1.As negociações com os proponentes e, se for caso disso, com os investidores nacionais envolvidos no projecto são realizadas, por parte e em representação do Estado, por uma comissão de negociações, constituída nos termos do n.º3 do artigo 36.º da Lei n.º 15/94, de 23 de Setembro.
2.A comissão de negociações poderá solicitar a intervenção, colaboração ou parecer das entidades públicas ou privadas directa ou indirectamente envolvidas ou interessadas no projecto objecto de negociações.
3.Deverão ser obrigatoriamente lavradas actas de todas as reuniões das negociações.

SECÇÃO IV
Disposições comuns aos regimes
1.O Gabinete do Investimento Estrangeiro acompanhará a realização dos investimentos do ponto de vista económico, financeiro, jurídico e técnico, solicitando para isso aos investidores e a quaisquer entidades públicas e privadas as informações necessárias.
2.As funções de acompanhamento do Gabinete do Investimento Estrangeiro não prejudicam as competências específicas dos órgãos do Estado e das autoridades monetárias e cambiais.
3.O Gabinete do Investimento Estrangeiro elaborará e fará publicar instruções técnicas sobre o acompanhamento da realização dos investimentos.

ARTIGO 27.º
(Acompanhamento dos Investimentos)

ARTIGO 28.º
(Informação do Banco Central)

1. O Banco Nacional de Angola deverá remeter trimestralmente ao Gabinete do Investimento Estrangeiro, através de modelo impresso por este concebido, as informações sobre as operações cambiais realizadas no âmbito do investimento estrangeiro.

ARTIGO 29º
(Resolução de conflitos)

Os conflitos emergentes dos investimentos regulados pela Lei n.º15/94, de 23 de Setembro, serão resolvidos, sem prejuízo do disposto nos n.ºs 3 e 4 do artigo 31.º da mesma lei, de acordo com a lei comum angolana.

ARTIGO 30.º
(Aspectos a considerar na resolução de conflitos)

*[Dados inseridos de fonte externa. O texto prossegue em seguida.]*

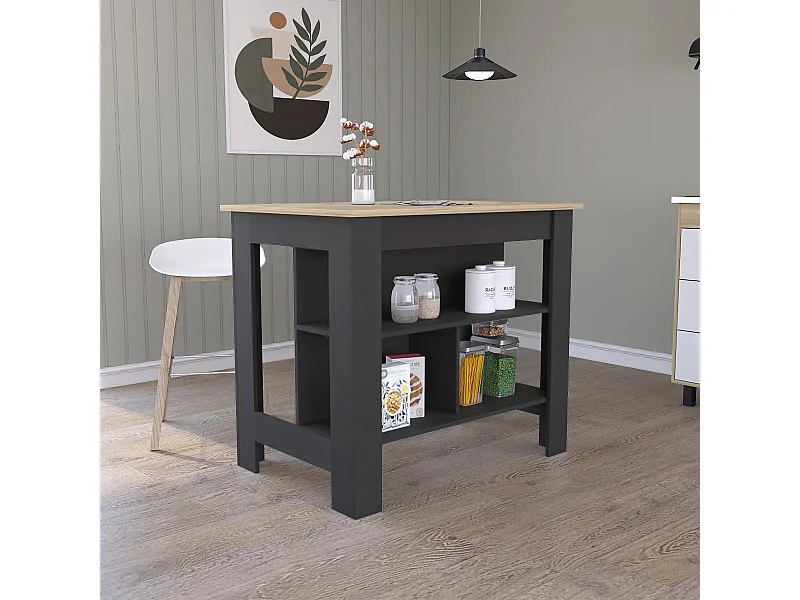 Isola da cucina Cala, tre ripiani e quattro gambe 90 CM H X 103 CM L X 70 CM P. Nero / Duna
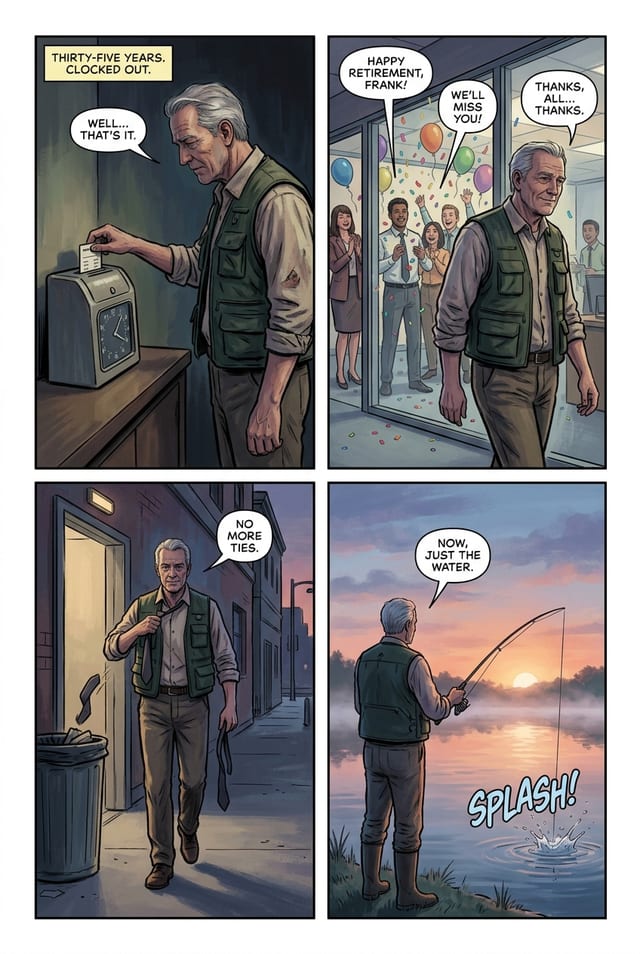 A sample interior page from a personalized retirement comic book, graphic novel style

Na aplicação judicial, arbitral ou administrativa de actos ou situações de não cumprimento das obrigações fixadas no âmbito do investimento estrangeiro, deverá atender-se, fundamentalmente:

a) aos efeitos previsíveis da revogação da autorização do investimento em execução;
b) à possibilidade de reposição do justo equilíbrio das prestações, por alteração dos objectivos e ou dos incentivos ou do prazo do investimento;
c) ao efeito dissuasor e correctivo da aplicação das nações legalmente previstas;
d) à existência de dolo ou de culpa dos infractores e respectiva gravidade.

ARTIGO 31.º
(Instrução dos processos)

1. A instrução dos processos que visem o conhecimento e decisão sobre as infracções previstas no artigo 46.º da Lei n.º 15/94, de 23 de Setembro, é da responsabilidade do Gabinete do Investimento Estrangeiro.
2. Deve o Gabinete do Investimento Estrangeiro instaurar processo de averiguações quanto a actos ou situações de incumprimento das normas da Lei n.º15/94, de 23 de Setembro e respectiva legislação complementar, com vista à determinação dos factos e das responsabilidades e a eventual aplicação de sanções.
3. No decorrer da instrução do processo de averiguações, o Gabinete do Investimento Estrangeiro poderá propor à entidade competente para a rejeição da proposta, a suspensão a titulo preventivo, de todos ou alguns dos efeitos dos actos ou situações sujeitos a averiguação.